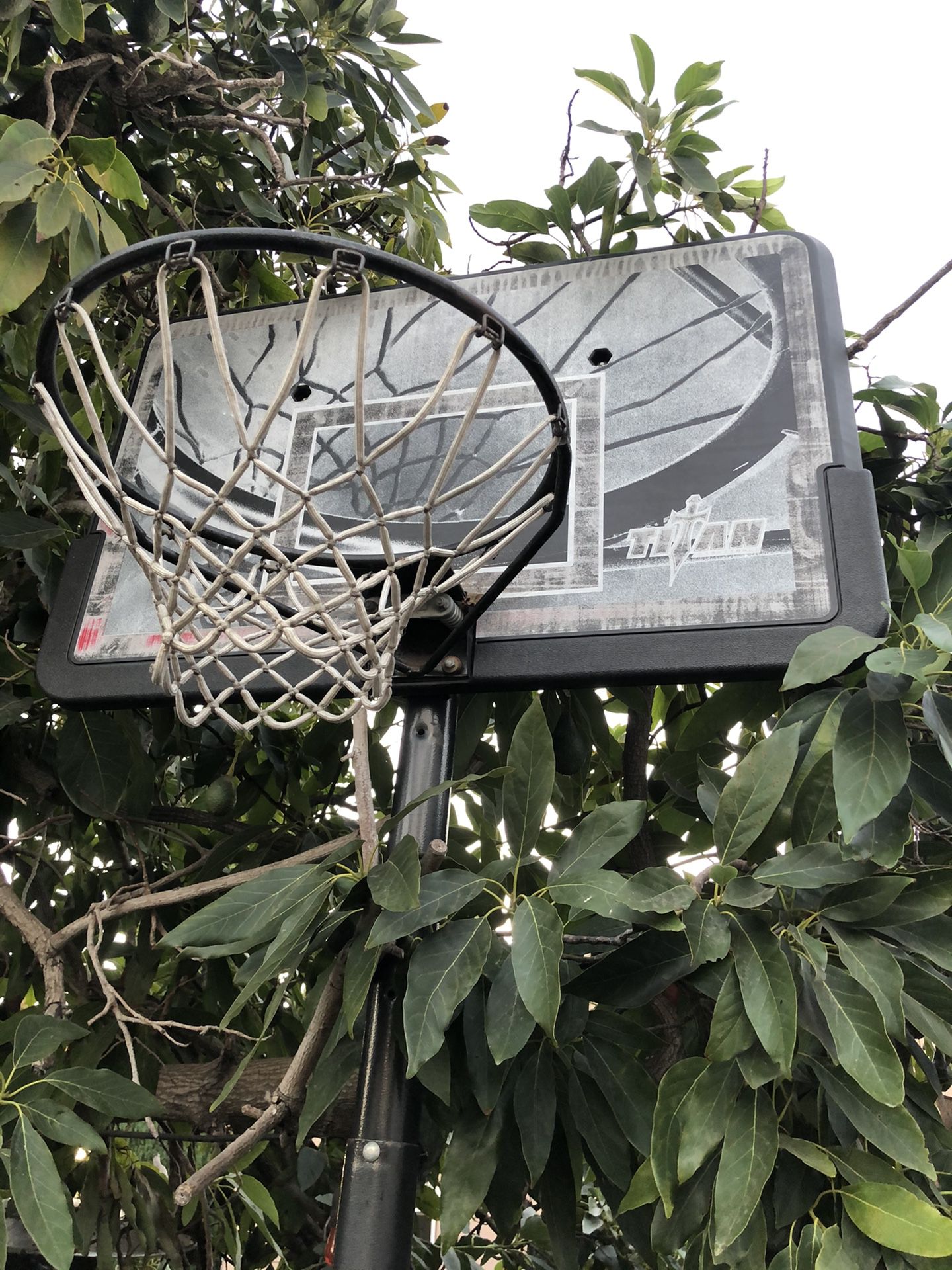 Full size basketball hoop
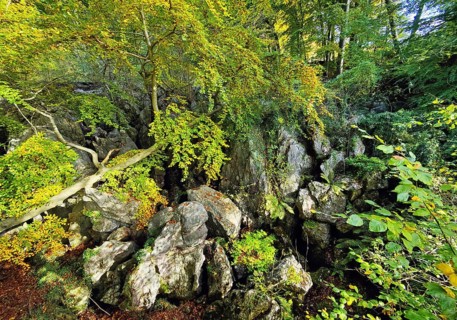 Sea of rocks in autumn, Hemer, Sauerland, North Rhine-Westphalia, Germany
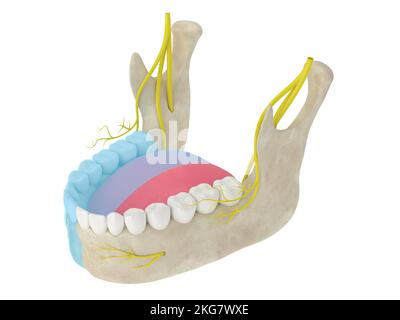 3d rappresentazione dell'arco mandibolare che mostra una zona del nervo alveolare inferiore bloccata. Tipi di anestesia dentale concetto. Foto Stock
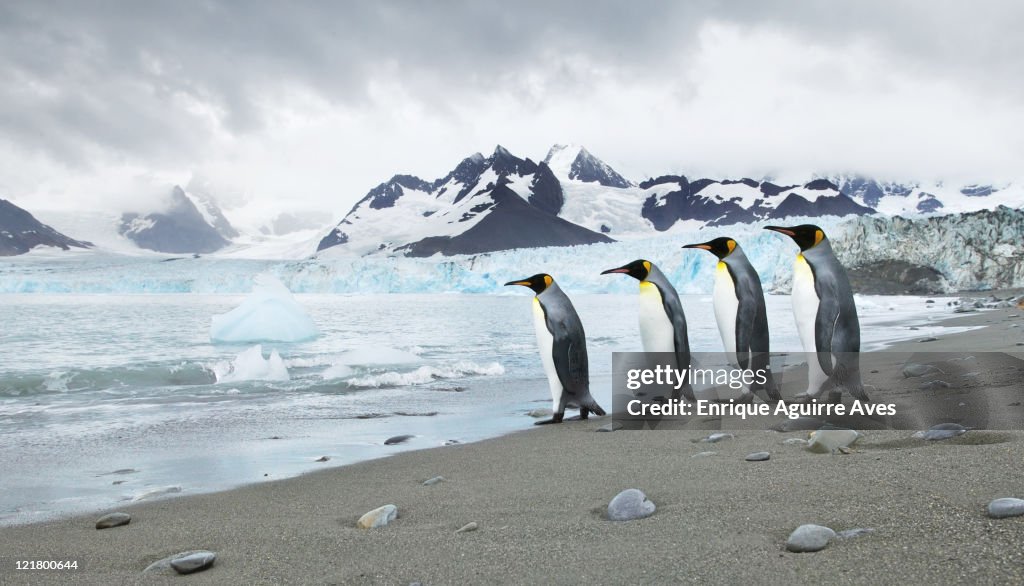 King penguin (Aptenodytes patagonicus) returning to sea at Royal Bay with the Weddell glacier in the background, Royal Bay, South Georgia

--------------------

> **WORK TASK**
All that's required is the material above repeated exactly, minus any picture.

> **ANSWER SECTION**
 Full size basketball hoop
 Sea of rocks in autumn, Hemer, Sauerland, North Rhine-Westphalia, Germany
 3d rappresentazione dell'arco mandibolare che mostra una zona del nervo alveolare inferiore bloccata. Tipi di anestesia dentale concetto. Foto Stock
 King penguin (Aptenodytes patagonicus) returning to sea at Royal Bay with the Weddell glacier in the background, Royal Bay, South Georgia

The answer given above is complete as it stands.